Bipartisan Support: Why Obama Can't Get It

As fanciful beasts go, bipartisanship is more like a T. Rex than a unicorn—it actually roamed the earth once. Take 1965, for example. Lyndon Johnson had just clobbered Barry Goldwater by 16 million votes in one of the most lopsided elections in U.S. history; Democrats outnumbered Republicans 68 to 32 in the Senate and 295 to 140 in the House. Yet when the jewels of Johnson's "Great Society"—Medicare and Medicaid—came up on the congressional docket, Democrat Wilbur Mills sat down with rookie minority leader Gerald Ford to craft a compromise bill. Six months and more than 500 alterations later, the Social Security Act of 1965 arrived in the Oval Office with the support of 13 Republican senators and 70 of their House colleagues.

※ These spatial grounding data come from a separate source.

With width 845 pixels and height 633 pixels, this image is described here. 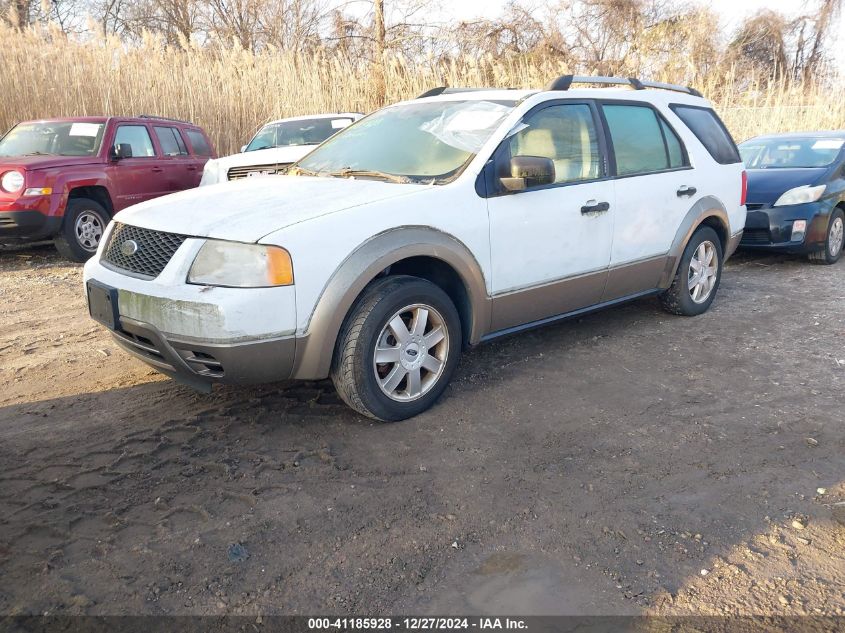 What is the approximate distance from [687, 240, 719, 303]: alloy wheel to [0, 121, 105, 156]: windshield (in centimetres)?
740

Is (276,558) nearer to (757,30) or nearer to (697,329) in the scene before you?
(697,329)

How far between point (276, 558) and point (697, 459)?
204 centimetres

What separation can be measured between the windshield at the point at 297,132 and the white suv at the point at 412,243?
A: 6.20m

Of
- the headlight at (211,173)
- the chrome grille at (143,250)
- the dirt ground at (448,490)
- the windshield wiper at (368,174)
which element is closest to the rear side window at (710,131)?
the dirt ground at (448,490)

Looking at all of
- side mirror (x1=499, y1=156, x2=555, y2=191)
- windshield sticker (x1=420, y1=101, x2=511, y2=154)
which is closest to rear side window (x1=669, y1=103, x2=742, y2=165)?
windshield sticker (x1=420, y1=101, x2=511, y2=154)

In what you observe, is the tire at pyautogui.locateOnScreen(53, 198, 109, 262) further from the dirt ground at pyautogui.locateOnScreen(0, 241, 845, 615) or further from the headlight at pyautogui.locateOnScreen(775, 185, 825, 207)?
the headlight at pyautogui.locateOnScreen(775, 185, 825, 207)

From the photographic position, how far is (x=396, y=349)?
143 inches

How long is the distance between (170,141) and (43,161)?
87.7 inches

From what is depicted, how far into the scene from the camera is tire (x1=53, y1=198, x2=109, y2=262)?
8.32m

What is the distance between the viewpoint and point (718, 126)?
592cm

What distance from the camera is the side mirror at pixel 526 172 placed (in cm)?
390

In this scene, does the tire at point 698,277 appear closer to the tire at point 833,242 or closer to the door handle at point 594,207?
the door handle at point 594,207

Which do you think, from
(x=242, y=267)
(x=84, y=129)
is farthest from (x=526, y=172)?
(x=84, y=129)

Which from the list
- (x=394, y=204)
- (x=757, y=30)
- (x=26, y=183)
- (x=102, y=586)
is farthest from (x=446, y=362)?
(x=757, y=30) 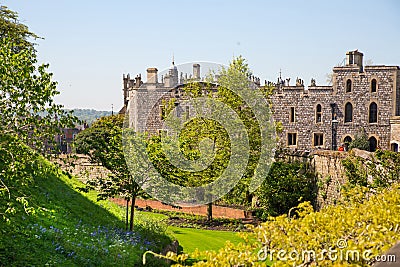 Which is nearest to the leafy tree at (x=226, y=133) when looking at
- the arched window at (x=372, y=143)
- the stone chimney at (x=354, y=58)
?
the stone chimney at (x=354, y=58)

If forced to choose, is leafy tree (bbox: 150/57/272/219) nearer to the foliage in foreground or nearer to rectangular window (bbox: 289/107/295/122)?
rectangular window (bbox: 289/107/295/122)

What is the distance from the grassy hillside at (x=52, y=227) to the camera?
25.3 feet

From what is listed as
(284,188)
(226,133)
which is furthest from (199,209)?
(284,188)

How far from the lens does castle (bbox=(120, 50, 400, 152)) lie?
35750 mm

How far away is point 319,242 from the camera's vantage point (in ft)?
18.0

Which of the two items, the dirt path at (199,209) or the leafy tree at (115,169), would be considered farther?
the dirt path at (199,209)

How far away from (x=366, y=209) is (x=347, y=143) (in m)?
31.3

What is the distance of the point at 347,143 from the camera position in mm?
36875

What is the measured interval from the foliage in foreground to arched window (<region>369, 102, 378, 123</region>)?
3119cm

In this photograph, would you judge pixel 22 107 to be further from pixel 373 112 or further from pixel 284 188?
pixel 373 112

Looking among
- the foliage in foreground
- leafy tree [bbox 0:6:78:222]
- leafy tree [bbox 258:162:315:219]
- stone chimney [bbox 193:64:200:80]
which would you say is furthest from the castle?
the foliage in foreground

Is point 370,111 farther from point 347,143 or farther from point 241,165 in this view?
point 241,165

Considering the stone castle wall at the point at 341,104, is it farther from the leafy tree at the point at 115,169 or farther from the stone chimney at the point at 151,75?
the leafy tree at the point at 115,169

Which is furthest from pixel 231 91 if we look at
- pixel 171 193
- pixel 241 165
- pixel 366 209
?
pixel 366 209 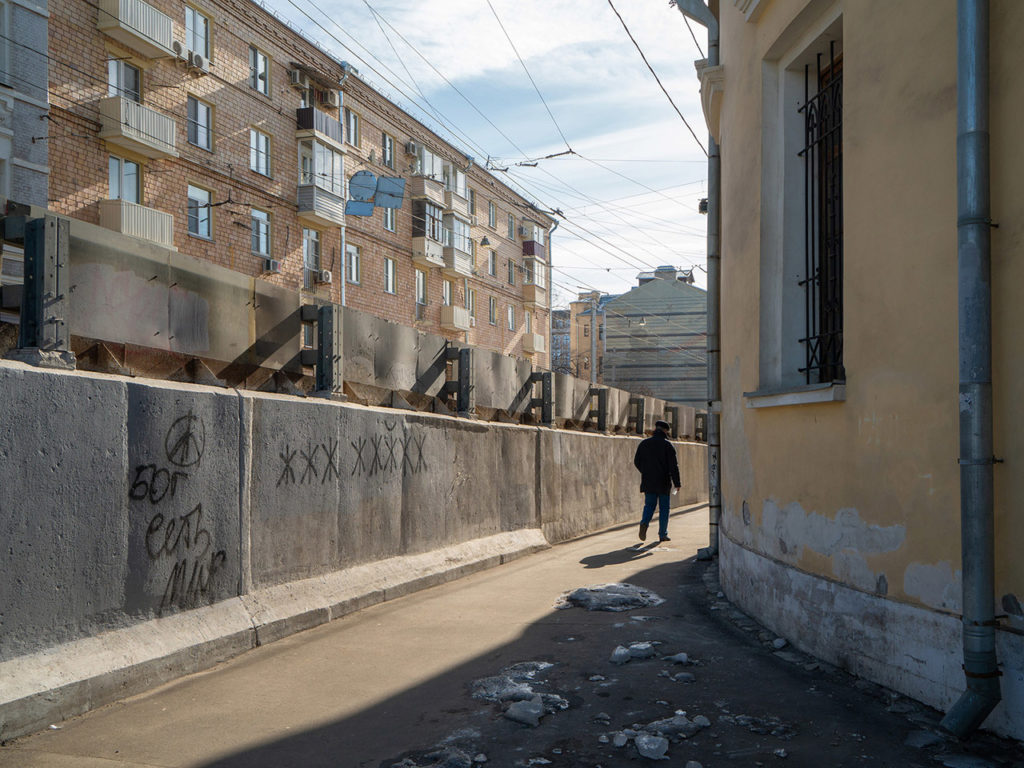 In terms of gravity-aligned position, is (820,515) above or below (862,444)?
below

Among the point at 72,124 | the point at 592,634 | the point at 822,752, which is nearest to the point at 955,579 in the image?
the point at 822,752

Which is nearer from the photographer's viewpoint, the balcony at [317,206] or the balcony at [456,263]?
the balcony at [317,206]

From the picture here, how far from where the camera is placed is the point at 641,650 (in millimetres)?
5719

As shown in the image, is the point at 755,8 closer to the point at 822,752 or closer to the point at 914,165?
the point at 914,165

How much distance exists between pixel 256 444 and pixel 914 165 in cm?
457

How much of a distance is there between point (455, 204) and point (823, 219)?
33447mm

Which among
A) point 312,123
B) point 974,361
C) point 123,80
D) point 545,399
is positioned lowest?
point 545,399

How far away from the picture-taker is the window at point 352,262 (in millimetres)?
32125

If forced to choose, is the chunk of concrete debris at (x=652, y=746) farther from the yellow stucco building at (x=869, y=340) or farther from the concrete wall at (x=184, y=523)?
the concrete wall at (x=184, y=523)

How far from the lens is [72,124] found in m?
21.1

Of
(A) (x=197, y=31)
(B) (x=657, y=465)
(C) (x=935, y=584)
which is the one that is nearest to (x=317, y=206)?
(A) (x=197, y=31)

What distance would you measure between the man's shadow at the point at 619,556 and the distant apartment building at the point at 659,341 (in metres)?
44.9

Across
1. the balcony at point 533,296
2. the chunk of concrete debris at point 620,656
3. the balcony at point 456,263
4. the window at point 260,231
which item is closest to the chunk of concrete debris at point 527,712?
the chunk of concrete debris at point 620,656

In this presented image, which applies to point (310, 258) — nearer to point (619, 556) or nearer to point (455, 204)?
point (455, 204) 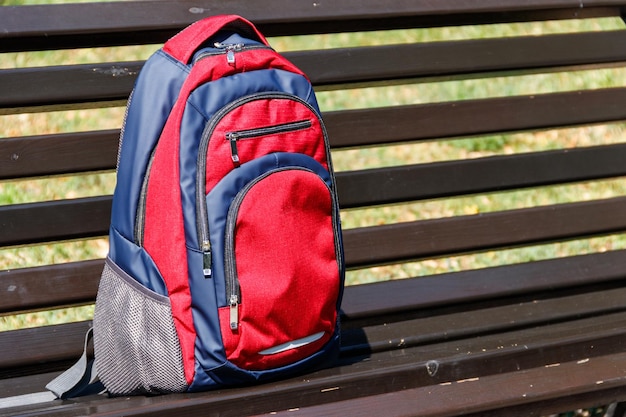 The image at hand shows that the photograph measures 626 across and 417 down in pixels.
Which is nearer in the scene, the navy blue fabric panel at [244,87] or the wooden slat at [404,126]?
the navy blue fabric panel at [244,87]

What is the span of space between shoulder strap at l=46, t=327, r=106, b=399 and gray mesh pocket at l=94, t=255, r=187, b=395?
0.10 metres

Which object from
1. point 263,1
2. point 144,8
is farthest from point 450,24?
point 144,8

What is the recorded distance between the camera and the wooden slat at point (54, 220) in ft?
7.07

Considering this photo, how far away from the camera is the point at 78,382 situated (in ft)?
6.68

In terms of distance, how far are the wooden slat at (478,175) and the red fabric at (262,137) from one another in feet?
1.38

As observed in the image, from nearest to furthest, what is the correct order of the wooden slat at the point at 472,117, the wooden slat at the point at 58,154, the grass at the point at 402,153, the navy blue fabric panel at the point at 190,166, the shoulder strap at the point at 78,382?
the navy blue fabric panel at the point at 190,166
the shoulder strap at the point at 78,382
the wooden slat at the point at 58,154
the wooden slat at the point at 472,117
the grass at the point at 402,153

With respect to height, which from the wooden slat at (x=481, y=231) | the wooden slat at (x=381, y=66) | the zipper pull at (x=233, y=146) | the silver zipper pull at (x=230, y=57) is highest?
the silver zipper pull at (x=230, y=57)

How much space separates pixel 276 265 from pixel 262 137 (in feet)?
0.89

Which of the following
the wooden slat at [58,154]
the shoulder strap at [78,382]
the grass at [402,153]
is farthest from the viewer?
the grass at [402,153]

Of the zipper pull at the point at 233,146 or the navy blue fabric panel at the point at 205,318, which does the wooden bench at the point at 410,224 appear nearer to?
the navy blue fabric panel at the point at 205,318

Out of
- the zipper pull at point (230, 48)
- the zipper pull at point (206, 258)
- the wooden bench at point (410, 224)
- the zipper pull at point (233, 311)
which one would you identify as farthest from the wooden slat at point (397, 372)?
the zipper pull at point (230, 48)

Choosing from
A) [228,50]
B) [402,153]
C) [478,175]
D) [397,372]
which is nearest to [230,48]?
[228,50]

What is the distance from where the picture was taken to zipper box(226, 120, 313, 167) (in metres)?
1.89

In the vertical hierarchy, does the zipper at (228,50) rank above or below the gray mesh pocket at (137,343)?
above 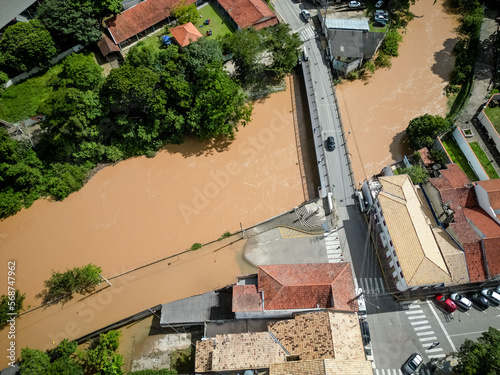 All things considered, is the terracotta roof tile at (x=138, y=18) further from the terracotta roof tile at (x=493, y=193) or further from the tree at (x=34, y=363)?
the terracotta roof tile at (x=493, y=193)

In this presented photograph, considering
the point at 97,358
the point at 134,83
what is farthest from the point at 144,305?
the point at 134,83

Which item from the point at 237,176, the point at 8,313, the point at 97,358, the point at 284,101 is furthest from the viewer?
the point at 284,101

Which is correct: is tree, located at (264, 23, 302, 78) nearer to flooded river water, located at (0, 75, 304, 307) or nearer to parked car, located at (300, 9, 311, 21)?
parked car, located at (300, 9, 311, 21)

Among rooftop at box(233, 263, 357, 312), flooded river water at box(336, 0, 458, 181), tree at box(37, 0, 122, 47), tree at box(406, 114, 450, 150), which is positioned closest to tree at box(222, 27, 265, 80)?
flooded river water at box(336, 0, 458, 181)

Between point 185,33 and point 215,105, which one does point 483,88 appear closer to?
point 215,105

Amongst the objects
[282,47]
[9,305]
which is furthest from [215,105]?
[9,305]

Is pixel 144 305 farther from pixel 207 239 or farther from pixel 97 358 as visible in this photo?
pixel 207 239

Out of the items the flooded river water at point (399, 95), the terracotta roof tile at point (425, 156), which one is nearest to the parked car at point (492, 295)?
the terracotta roof tile at point (425, 156) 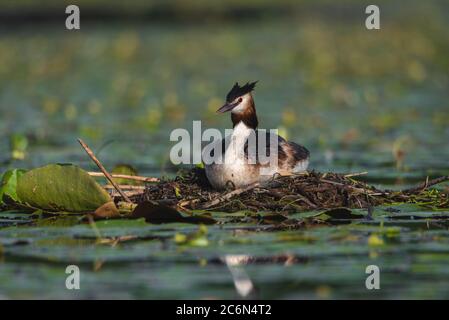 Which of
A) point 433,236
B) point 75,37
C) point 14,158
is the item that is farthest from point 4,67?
point 433,236

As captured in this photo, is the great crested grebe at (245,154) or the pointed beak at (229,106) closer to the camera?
the great crested grebe at (245,154)

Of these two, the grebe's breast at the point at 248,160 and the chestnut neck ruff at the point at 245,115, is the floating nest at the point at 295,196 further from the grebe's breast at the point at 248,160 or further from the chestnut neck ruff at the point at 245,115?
the chestnut neck ruff at the point at 245,115

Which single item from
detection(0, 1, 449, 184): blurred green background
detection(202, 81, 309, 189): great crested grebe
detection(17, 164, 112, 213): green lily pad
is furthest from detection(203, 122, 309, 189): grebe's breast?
detection(0, 1, 449, 184): blurred green background

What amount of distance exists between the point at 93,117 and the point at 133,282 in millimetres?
13550

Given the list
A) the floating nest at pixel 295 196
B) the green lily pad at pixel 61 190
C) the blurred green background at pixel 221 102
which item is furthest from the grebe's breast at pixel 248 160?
the green lily pad at pixel 61 190

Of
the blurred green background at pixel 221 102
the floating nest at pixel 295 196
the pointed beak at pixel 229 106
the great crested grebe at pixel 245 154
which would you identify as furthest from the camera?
the pointed beak at pixel 229 106

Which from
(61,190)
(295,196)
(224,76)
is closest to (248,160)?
(295,196)

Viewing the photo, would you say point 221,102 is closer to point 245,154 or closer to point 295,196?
point 245,154

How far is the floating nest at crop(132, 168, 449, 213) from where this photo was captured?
36.4ft

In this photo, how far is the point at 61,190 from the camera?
1101 centimetres

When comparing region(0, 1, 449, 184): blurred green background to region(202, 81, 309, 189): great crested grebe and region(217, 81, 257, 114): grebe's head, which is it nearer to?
region(202, 81, 309, 189): great crested grebe

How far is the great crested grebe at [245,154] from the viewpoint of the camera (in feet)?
37.8

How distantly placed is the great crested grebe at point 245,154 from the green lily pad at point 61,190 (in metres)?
1.43

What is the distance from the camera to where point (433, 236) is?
9.95 m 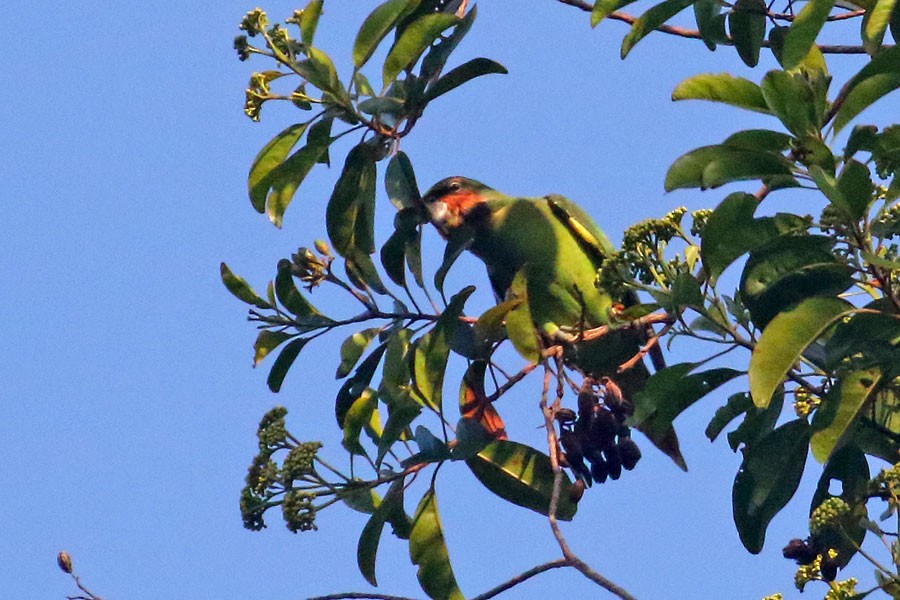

If that kind of cooperation sounds as anachronistic as a massive reptile, that's because it is. When (or rather, if) Obama's health-care-reform bill reaches the floor of Congress, he'll be lucky to get a single Republican vote. Predictably, this has attracted a lot of attention in the overheated halls of Washington from liberals who say that Obama should disregard conservative concerns, from Republicans eager to puncture his "postpartisan" aura, and from centrists who reflexively long for some imagined era of interparty comity. There's only one thing all three sides seem to agree on: Obama should care.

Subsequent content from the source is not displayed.